Starting January 6, Laia Sanz will be facing hundreds of competitors in Peru, Bolivia and Argentina. The Spaniard is gearing up for her eighth Dakar, her best two-wheeled finish dating back to 2015 when she was ninth overall.
But exactly how do you train for this two-week competition? How do you prepare to race in 50° heat, to sleep in the freezing cold, to endure altitude variations?
Coming from Barcelona, Sanz has chosen the Pyrenees as a training playground. This winter, mountaineering ski has helped her recreate two key factors for the Dakar: navigation and solitude.
“It helps me focus,” she says. “Training high up is very useful in the current Dakar. Skimo helps me work all four limbs and it’s a great complement to my usual training regime. The better I feel about my fitness, the better my frame of mind is for the event.”
She’s also spent a lot of time at her hometown gym. “I want to do quality sessions, meaning they don’t have to be very long. I do high-intensity series of 60-70 minutes, with very short stops in between exercises so I keep a pretty high heart rate.
“A Dakar bike is very demanding, so I have to focus on all areas: the legs – as you get up and down a lot – but also the arms and back, core strength… All body parts are very important.”
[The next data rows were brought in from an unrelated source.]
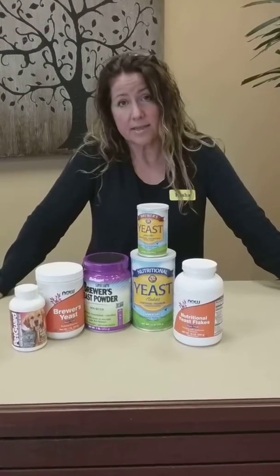Hi, Kesha here with Green Acres Market in Oklahoma City. Just wanted to clarify a couple of questions we get here at the store on the difference between brewer's yeast and nutritional yeast. They actually are the same species of yeast. Brewer's yeast of course is obtained or used in the brewing industry to make beer and it is deactivated through the brewing process.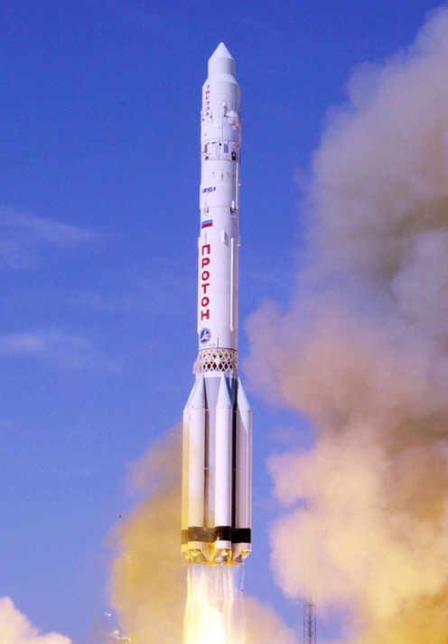Many launches used an upper stage to boost the payload into a higher orbit. Block D upper stages were used on 40 flights, the majority of which were for the Lunar and Zond programs. Ten flights used the Block D-1, mostly to launch spacecraft towards Venus. Block D-2 upper stages were used three times, with the Phobos-1, Phobos-2, and Mars-96 spacecraft. The Block DM upper stage was used on 66 launches. The most commonly used upper stage was the Block DM-2, which was used on 109 flights, mostly with GLONASS and RADUGA satellites.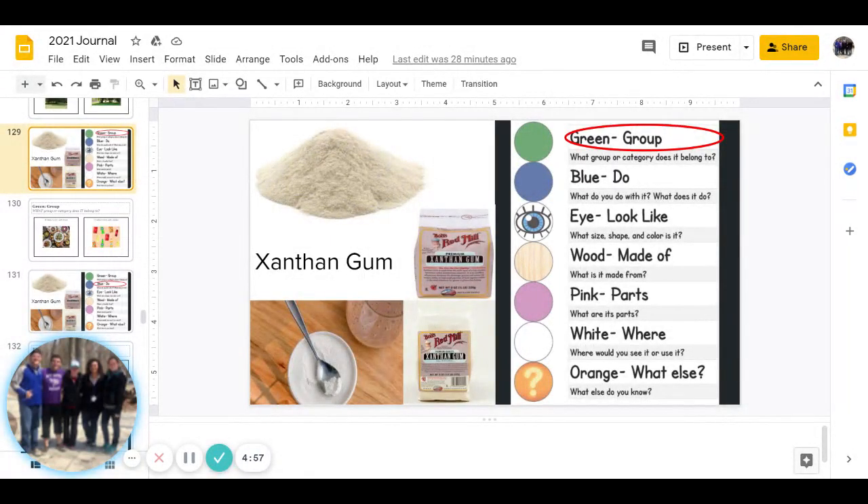Good morning guys, today is Tuesday January 26 and today's journal is xanthan gum. This is for the white group. We will get started with the green group, and that is: what group or category does it belong to? You can pause to answer that question.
Ready to @dakar!! Many thanks to my family and friends!! They always come to say goodbye
Muchas gracias a los que siempre vienen a despedirme!!
— Laia Sanz (@LaiaSanz_) January 1, 2018
One specific exercise stands out. Sanz calls it ‘The Scarecrow’: “I started doing it when I was riding in trials. I have to do small jumps while I push a weight to the front and up. It is pretty intense as I use the arms, back and legs,” she explains.
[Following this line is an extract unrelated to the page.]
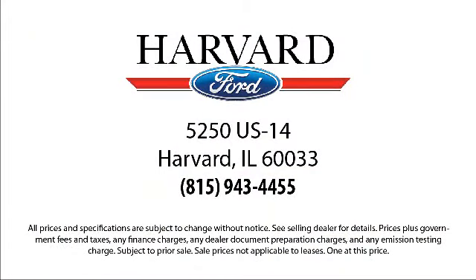So come visit us today, you'll be glad you did. We're located at 5250 South US Highway 14 in Harvard.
She also rides bikes and motorbikes regularly. “On my motorbike, I tend to do two one-hour series, but it depends on where I am and what’s the terrain like.”
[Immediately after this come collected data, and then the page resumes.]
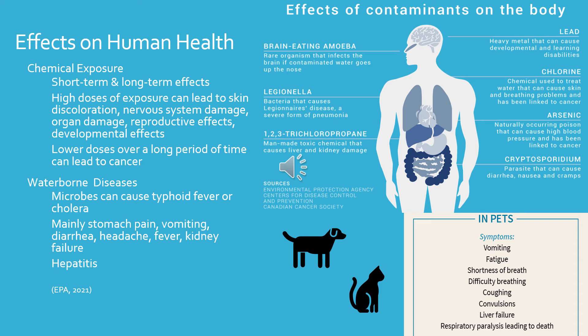When talking about waterborne diseases, there are a lot of GI symptoms — stomach pain, vomiting, diarrhea, headaches, fever, kidney failure, and hepatitis. And for pet owners, contaminated water can also affect animals, causing vomiting, fatigue, shortness of breath, difficulty breathing, coughing, convulsions, liver failure, and respiratory paralysis leading to death. Pets are more at risk from these contaminants.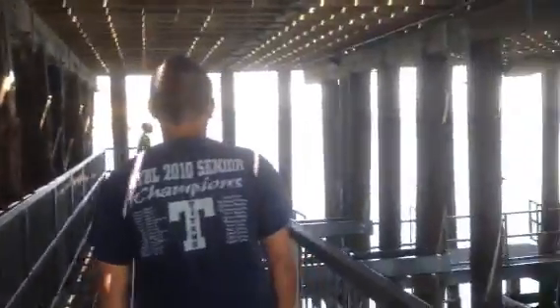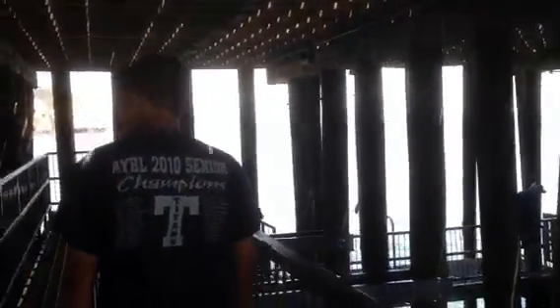We just came down from these stairs and we're underneath the pier. That's the first time I've ever been able to do this. They have an under-the-pier structure here, and you can walk all the way down to the water.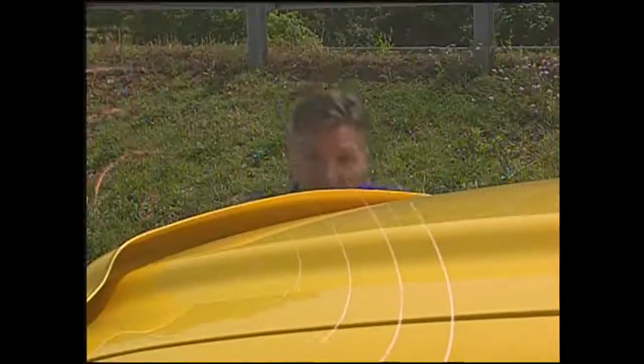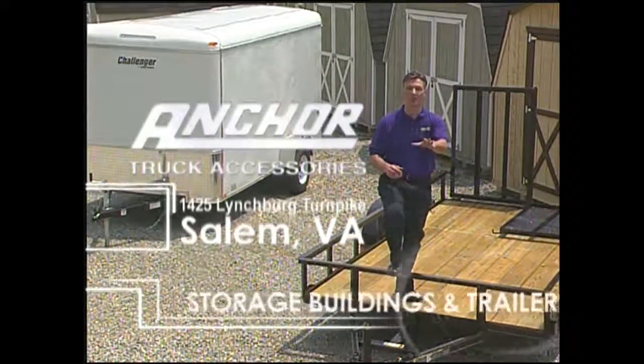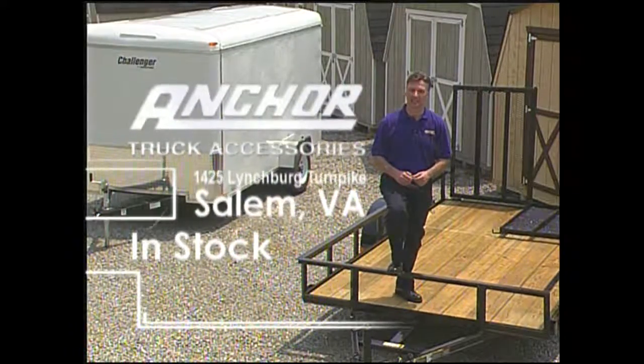Add-on nerf bars, hitches, fog shields painted to match, custom grooves, truck caps, sport parts — all of your truck accessories, plus a full line of storage buildings and trailers in stock here at Anchor Sales in Salem.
Diet will be key too, and Laia Sanz is well aware of that
With stages up to eight-hour-long, participants only get liquid provisioning during the day.
“I lost around 6-7 kilos [during her first participation] as I had trouble eating,” she recalls. “It’s very difficult to eat when you have to wake up every day at 3 am. But it’s key for me now. I make small sandwiches and I take bars, nuts and fruits with me. I have it all in my jacket and I eat during the day, before the start and when refuelling.”
The 31-year-old will once again be riding the KTM 450 Rally as she teams up with the Austrian manufacturer that has won the last 16 editions of the Dakar. Sanz and her team of engineers and mechanics will all be out to play their part in keeping this successful run alive.
“A realistic objective is to finish in the top 15 but, if I don’t fail, I can take an even better place.”